All 17 images in the “jpg” folder are transformed into vectors of their R, G, and B components and then transpose of the matrix should result 9,000,000 rows and 17 columns.

height <- 1200
width <- 2500
scale <- 20
# Create an empty matrix to store the image data
num_images <- length(image_files)
image_matrix <- matrix(0, nrow = prod(dim(readJPEG(image_files[1]))), ncol = num_images)


# Load and convert images to vectors
for (i in 1:num_images) {
  img <- readJPEG(image_files[i])
  img_vector <- as.vector(img)
  image_matrix[, i] <- img_vector
}

# Transpose the image_matrix that contains the image data with rows representing pixel components (R, G, B) and columns representing individual images. 
image_matrix <- t(image_matrix)

#create images data frame
df <- as.data.frame(t(image_matrix))

This shoes data frame has 9,000,000 observations and 17 variables, with each variable represents an image.

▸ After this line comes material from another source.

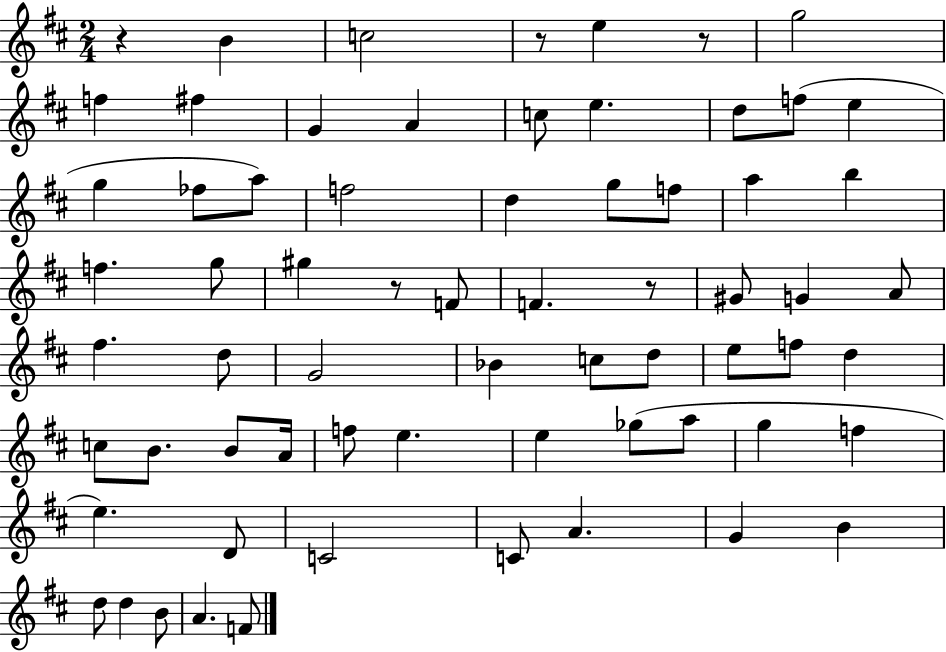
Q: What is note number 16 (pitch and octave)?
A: A5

Center the data by subtracting the mean. Scale the data by dividing by the standard deviation. Compute covariance matrix that is a square matrix where each element (i, j) represents the covariance between the i-th and j-th variables.

# Center the data (subtract the mean) and compute the covariance matrix
centered_shoes <- scale(df, center = TRUE, scale = TRUE)
sigma <- cov(centered_shoes)

These eigenvectors and eigenvalues are often used in Principal Component Analysis (PCA) for dimensionality reduction and feature extraction. The cumulative variance explained by the eigenvalues is calculated in determining the threshold for variability.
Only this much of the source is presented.